Ali menjelaskan bahwa hingga saat ini tim pencarian baru menemukan empat personel dalam kondisi meninggal dunia, sementara anggota lainnya masih dalam proses pencarian.
“Saat ini, sudah ditemukan baru empat personel dalam kondisi meninggal dunia dan lain belum ditemukan, masih diadakan upaya pencarian terus,” lanjutnya.
Dia menyebutkan proses evakuasi terkendala kondisi cuaca dan akses menuju lokasi kejadian sehingga alat berat belum dapat dikerahkan ke titik longsor.
“Alat berat memang belum bisa masuk karena kondisi cuaca dan jalan yang kecil. Tapi, ini akan kami laksanakan pencarian dengan teknologi, dengan drone dan thermal, dan anjing pelacak,” ujarnya.
Lebih lanjut, Ali menerangkan bahwa para prajurit Marinir tersebut tengah mengikuti kegiatan pelatihan di wilayah Cisarua. Pelatihan tersebut merupakan bagian dari persiapan penugasan pengamanan di perbatasan Republik Indonesia-Papua Nugini.

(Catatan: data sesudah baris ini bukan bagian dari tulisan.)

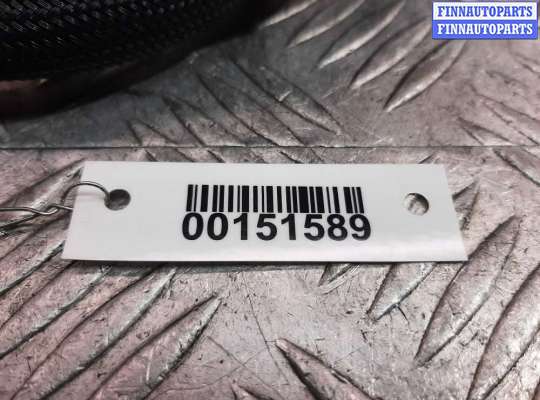 купить Трубка обратки форсунок на BMW X3 G01 2017 - 2021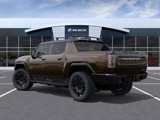 New 2026 GMC Hummer EV 4x4 Crew Cab image 3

“Memang mereka sedang melaksanakan latihan petugas untuk dikirim melaksanakan PAM perbatasan RI-PNG ya, memang dilaksanakan di latihannya di sana,” kata dia.
Kemudian, Ali menduga bahwa longsor terjadi akibat intensitas hujan yang tinggi di wilayah tersebut. Menurutnya, hujan deras mengguyur lokasi hampir selama dua malam sebelum bencana terjadi.
“Dan saat itu memang kondisinya hujan lebat selama hampir dua malam hujan terus. Mungkin itu yang mengakibatkan terjadinya longsor dan itu menimpa penduduk satu desa dan kebetulan ada prajurit kita yang sedang berlatih di sana,” kata Ali.